[The data]
++++++++++++++++++++
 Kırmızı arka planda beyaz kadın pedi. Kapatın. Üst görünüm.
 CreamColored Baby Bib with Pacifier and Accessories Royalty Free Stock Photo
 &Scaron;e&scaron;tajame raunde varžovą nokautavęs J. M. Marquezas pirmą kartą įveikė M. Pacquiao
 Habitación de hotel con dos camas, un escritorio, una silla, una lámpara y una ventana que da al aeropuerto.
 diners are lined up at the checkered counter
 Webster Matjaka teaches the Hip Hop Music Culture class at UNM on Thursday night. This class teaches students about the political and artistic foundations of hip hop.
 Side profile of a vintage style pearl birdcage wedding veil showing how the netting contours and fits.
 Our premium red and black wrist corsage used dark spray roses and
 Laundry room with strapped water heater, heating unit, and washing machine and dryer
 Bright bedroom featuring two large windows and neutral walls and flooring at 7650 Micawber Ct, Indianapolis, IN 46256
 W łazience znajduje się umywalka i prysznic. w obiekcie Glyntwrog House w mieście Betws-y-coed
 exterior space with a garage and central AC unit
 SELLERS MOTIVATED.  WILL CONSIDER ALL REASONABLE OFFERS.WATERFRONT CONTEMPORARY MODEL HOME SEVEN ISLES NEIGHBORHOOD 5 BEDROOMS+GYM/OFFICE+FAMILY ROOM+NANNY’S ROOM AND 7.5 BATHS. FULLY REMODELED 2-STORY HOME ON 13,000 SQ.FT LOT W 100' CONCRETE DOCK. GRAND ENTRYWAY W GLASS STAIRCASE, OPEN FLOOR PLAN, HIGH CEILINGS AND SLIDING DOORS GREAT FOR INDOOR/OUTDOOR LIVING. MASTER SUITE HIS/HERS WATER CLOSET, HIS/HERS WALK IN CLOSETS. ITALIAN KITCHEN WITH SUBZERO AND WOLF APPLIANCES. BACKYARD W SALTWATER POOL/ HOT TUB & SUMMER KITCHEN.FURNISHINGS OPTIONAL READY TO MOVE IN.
++++++++++++++++++++
[Your assignment]
Repeat all of the entries exactly.

[Task result]
 Kırmızı arka planda beyaz kadın pedi. Kapatın. Üst görünüm.
 CreamColored Baby Bib with Pacifier and Accessories Royalty Free Stock Photo
 &Scaron;e&scaron;tajame raunde varžovą nokautavęs J. M. Marquezas pirmą kartą įveikė M. Pacquiao
 Habitación de hotel con dos camas, un escritorio, una silla, una lámpara y una ventana que da al aeropuerto.
 diners are lined up at the checkered counter
 Webster Matjaka teaches the Hip Hop Music Culture class at UNM on Thursday night. This class teaches students about the political and artistic foundations of hip hop.
 Side profile of a vintage style pearl birdcage wedding veil showing how the netting contours and fits.
 Our premium red and black wrist corsage used dark spray roses and
 Laundry room with strapped water heater, heating unit, and washing machine and dryer
 Bright bedroom featuring two large windows and neutral walls and flooring at 7650 Micawber Ct, Indianapolis, IN 46256
 W łazience znajduje się umywalka i prysznic. w obiekcie Glyntwrog House w mieście Betws-y-coed
 exterior space with a garage and central AC unit
 SELLERS MOTIVATED.  WILL CONSIDER ALL REASONABLE OFFERS.WATERFRONT CONTEMPORARY MODEL HOME SEVEN ISLES NEIGHBORHOOD 5 BEDROOMS+GYM/OFFICE+FAMILY ROOM+NANNY’S ROOM AND 7.5 BATHS. FULLY REMODELED 2-STORY HOME ON 13,000 SQ.FT LOT W 100' CONCRETE DOCK. GRAND ENTRYWAY W GLASS STAIRCASE, OPEN FLOOR PLAN, HIGH CEILINGS AND SLIDING DOORS GREAT FOR INDOOR/OUTDOOR LIVING. MASTER SUITE HIS/HERS WATER CLOSET, HIS/HERS WALK IN CLOSETS. ITALIAN KITCHEN WITH SUBZERO AND WOLF APPLIANCES. BACKYARD W SALTWATER POOL/ HOT TUB & SUMMER KITCHEN.FURNISHINGS OPTIONAL READY TO MOVE IN.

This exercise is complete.